LeetCode 126: Word Ladder II

Given two words (start and end), and a dictionary, find all shortest transformation sequence(s) from start to end, such that:

1. Only one letter can be changed at a time
2. Each intermediate word must exist in the dictionary

For example,
Given:
start = "hit"
end = "cog"
dict = ["hot","dot","dog","lot","log"]

Return

  [
    ["hit","hot","dot","dog","cog"],
    ["hit","hot","lot","log","cog"]
  ]

Note:

• All words have the same length.
• All words contain only lowercase alphabetic characters.

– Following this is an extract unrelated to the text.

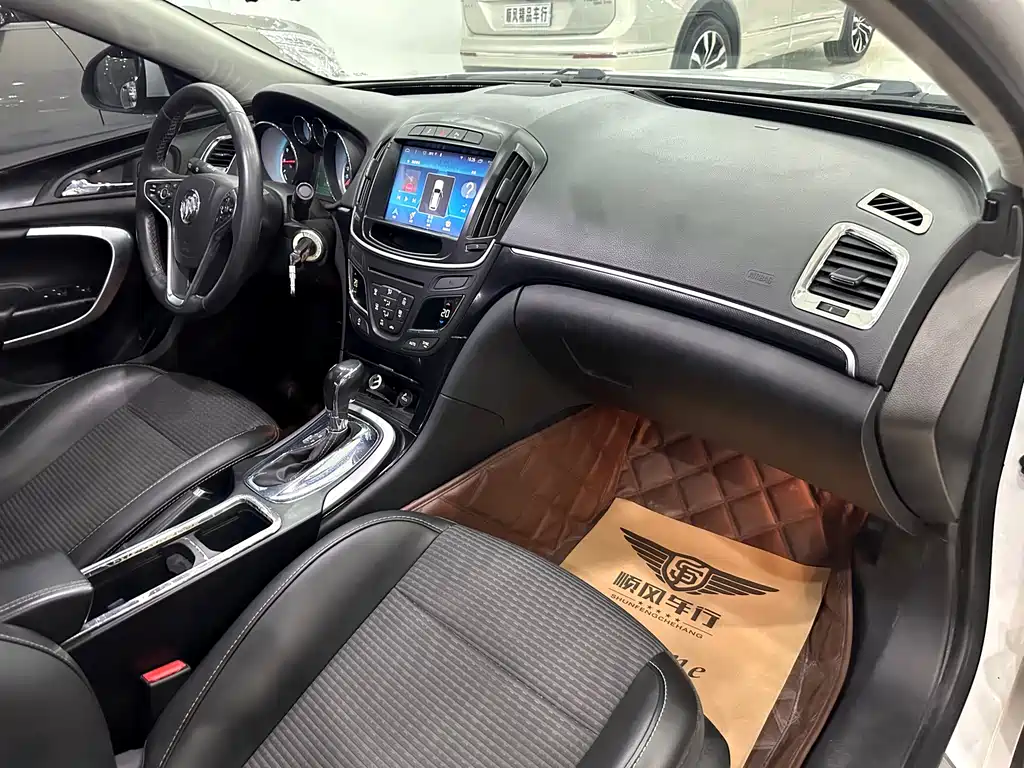 Buick Regal 2015 1.6T Leading Technology Edition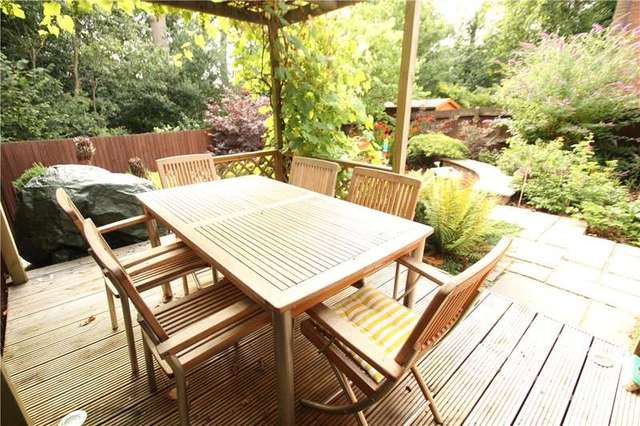  Image of 3 bedroom Detached house for sale in Alexandra Gardens Knaphill Woking GU21 at Knaphill Woking Knaphill, GU21 2DQ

// Algorithm is correct but exceeds time limit.
public class Solution {
    private List<List<String>> result;
    private List<String> reversedPath;
    private Map<String, List<String>> map;
    private int shortLen;
    
    public List<List<String>> findLadders(String start, String end, Set<String> dict) {
        // Adopt breath first search
        result = new LinkedList<>();
        reversedPath = new LinkedList<>();
        map = new HashMap<>();
        shortLen = Integer.MAX_VALUE;
        
        bfs(start, end, dict);
        
        if (shortLen == Integer.MAX_VALUE)
            return result;
        
        reversedPath.add(end);
        backTracking(end, 1);
        
        return result;
    }
    
    private void backTracking(String end, int cnt)
    {
        if (cnt == shortLen)
        {
            List<String> path = new LinkedList<>();

            for (int i = reversedPath.size()-1; i >= 0; i--)
                path.add(reversedPath.get(i));

            if (!result.contains(path))    
                result.add(path);
        }
        else
        {
            for (String str : map.get(end))
            {
                reversedPath.add(str);
                backTracking(str, cnt+1);
                reversedPath.remove(reversedPath.size()-1);
            }
        }
    }
    
    private void bfs(String start, String end, Set<String> dict)
    {
        Queue<String> word = new LinkedList<>();
        Queue<Integer> length = new LinkedList<>();
        
        word.offer(start);
        length.offer(2);
        
        while (!word.isEmpty())
        {
            String v = word.poll();
            int len = length.poll();
            
            if (len > shortLen)
                return;

            for (int i = 0; i < v.length(); i++)
            {
                // Note: Adopt character replacement strategy can save much time.
                for (char c = 'a'; c <= 'z'; c++)
                {
                    if (v.charAt(i) == c)
                        continue;
                        
                    String w = replace(v, i, c);
                    
                    if (map.containsKey(v) && map.get(v).contains(w))
                        continue;
                    
                    if (w.equals(end))
                    {
                        shortLen = len;
                        
                        if (!map.containsKey(end))
                        {
                            List<String> parent = new LinkedList<>();
                            parent.add(v);
                            map.put(end, parent);
                        }
                        else
                            map.get(end).add(v);
                    }
                    
                    if (dict.contains(w))
                    {                        
                        if (!map.containsKey(w))
                        {
                            List<String> parent = new LinkedList<>();
                            parent.add(v);
                            map.put(w, parent);
                        }
                        else
                            map.get(w).add(v);
                        
                        word.offer(w);
                        length.offer(len+1);
                    }
                }
            }
        }
    }
    
    private String replace(String s, int index, char c)
    {
        char[] chars = s.toCharArray();
        chars[index] = c;
        return new String(chars);
    }
}